Otoriter Kembali Berlaga Dalam KMHE 2019

Ket Foto: Pelepasan tim Otoriter dan peragaan mobil hemat energi di depan gedung rektorat (Foto: dok. panitia)

Jurusan Teknik Mesin Fakultas Teknik Universitas Tadulako (UNTAD), kembali mengutus Tim Otoriter dalam Kompetisi Mobil Hemat Energi (KMHE) tingkat nasional. Kompetisi yang merupakan program KEMENRISTEK DIKTI melalui BELMAWA kali ini, diselenggarakan di Malang, pada Selasa s.d Sabtu (24-28/09).

Pelepasan kontingen UNTAD menuju KMHE 2019 itu, dihadiri oleh wakil Rektor Bidang Kemahasiswaan (Warek Bima), Wakil Rektor Bidang Akademik (Warek Bidak), Kabag Kemahasiswaan Untad, Dekan Fakultas Teknik dan jajarannya, Ketua Jurusan Teknik Mesin dan perwakilan mahasiswa Teknik Mesin di depan gedung Rektorat UNTAD, pada Jumat (13/09).

Dalam sambutannya pada kegiatan pelepasan tersebut, Warek Bima, Dr Ir Sagaf MP menyampaikan apresiasinya kepada para mahasiswa Teknik Mesin yang tergabung dalam tim Otoriter itu. Ia mengungkapkan rasa bangganya atas usaha tim Otoriter yang telah berusaha maksimal merancang mobil hemat energi yang akan berlaga di tingkat nasional tersebut. Lebih lanjut, ia menuturkan akan mendukung secara penuh tim yang akan mewakili Untad, serta berharap semoga mereka bisa kembali mengukir prestasi di KMHE Nasional seperti tahun-tahun sebelumnya.

Pembina Otoriter Mahasiswa Teknik Mesin Fakultas Teknik Universitas Tadulako, Awal Syahrani Sirajuddin ST MT menyampaikan, bahwa keikutsertaan Otoriter pada KMHE dimulai sejak Tahun 2013 dan pada saat itu satu-satunya peserta dari Indonesia Timur. Ia pun menuturkan, sejak awal keikutsertaannya dalam ajang tersebut, Otoriter selalu berhasil mengharumkan nama UNTAD.

“Otoriter telah mengikuti kompetisi ini sebanyak 6 kali sejak 2013 dan selalu berhasil meraih prestasi. Tahun 2013 untuk kelas Urban Bensin, meraih penghargaan peserta terjauh di ITS, Surabaya; 2014 kelas Urban Bensin dan Urban Diesel, meriah peringkat 4 kelas urban bensin  d ITS, Surabaya; 2015 kelas Urban Bensin dan Prototype Bensin,  peringkat 4 dan Best Desain urban bensin di UB, Malang;  2016 kelas Urban Diesel, peringkat 4 di UGM, Yogyakarta; 2017 peringkat 2 di kelas urban diesel, tapi setelah dinyatakan regulasi disatukan pembakaran dalam, maka turun ke peringkat 7. Tahun 2018 mengikuti kelas Prototype Listrik, tapi tidak sempat race, karena cuaca tidak yang tidak memungkinkan,” tuturnya.
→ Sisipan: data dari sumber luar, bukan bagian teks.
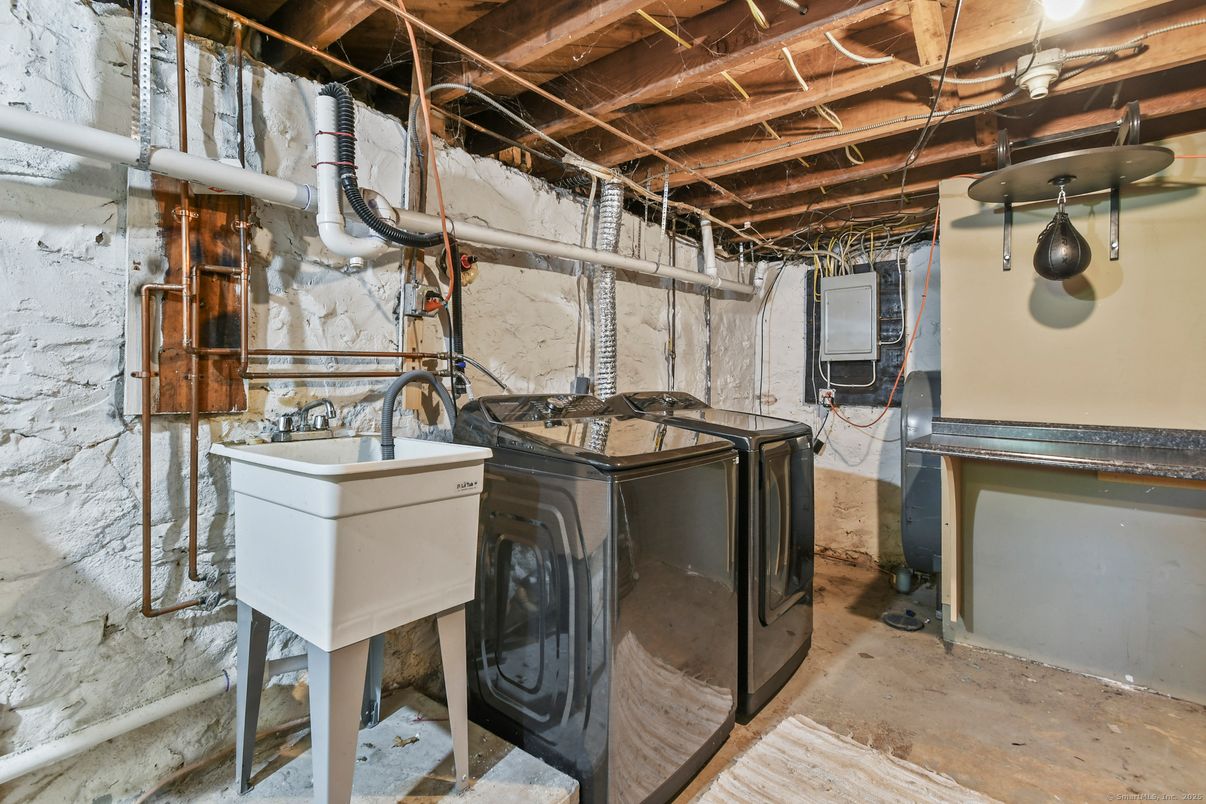 Interior, Washer, Wooden Beams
Awal menyampaikan, bahwa tahun ini Otoriter akan kembali berlaga di KMHE tingkat nasional setelah sebelumnya dinyatakan lolos seleksi Urban diesel. Ia pun mengungkapkan bahwa dalam KMHE 2019 ini, UNTAD kembali menjadi satu-satunya perwakilan Indonesia Timur.

Ia menerangkan, mobil rakitan Otoriter kali ini, telah  mengalami peningkatan dari tahun sebelumnya. Bukan hanya dibagian transmisi yang lebih simpel, tetapi juga jauh lebih hemat bahan bakar.

“Kelebihan mobil kali ini adalah penggunaan transmisi otomatis atau dikenal dengan transmisi kopling yang dipadukan dengan transmisi rantai, yang mana lebih simpel dibanding sebelumnya. Seblumnya masih menggunakan transmisi manual atau disebut transmisi roda gigi. Selain itu, komsumsi bahan bakar juga mengalami perubahan, yang mana lebih irit dibanding sebelumnya. Prestasi terakhir yang dicapai pada kelas urban diesel adalah 155 km/liter. Nah, untuk rakitan kali ini sekitar 165 km/liter,” terangnya.

Ia menuturkan, meskipun dalam 1 tim hanya terdiri dari 7 mahasiswa dan 1 Pembimbing, pada ajang kali ini membawa beberapa mahasiswa sebagai tim penggembira, dengan harapan agar mahasiswa tersebut mendapatkan pengalaman untuk mempersiapkan diri pada event selanjutnya, sehingga total mahasiswa yang diberangkatkan adalah 18 orang. Selaku Pembina Otoriter, ia berharap tim bimbingan Muhammad Rusdi ST MT itu, semakin meningkatkan riset-riset tekait.

“Harapan saya selaku pembina dan orang tua di kampus, agar ke depannya mereka lebih meningkatkan riset-riset mobil  untuk diikutsertakan di KMHE. Saya juga berharap kiranya institusi dapat memberikan biaya riset lebih awal dan semoga riset tetap jalan. Sebagaimana harapan ini, sekadar info pada kegiatan KMHE ini, mahasiswa kami mengikuti 2 kategori lomba, yaitu urban dan prototype. Masing-masing kategori tersebut terdiri dari beberapa kelas, yaitu kelas bensin, diesel, etanol, listrik dan hibrid yaitu bahan bakar plus listrik,” tandasnya.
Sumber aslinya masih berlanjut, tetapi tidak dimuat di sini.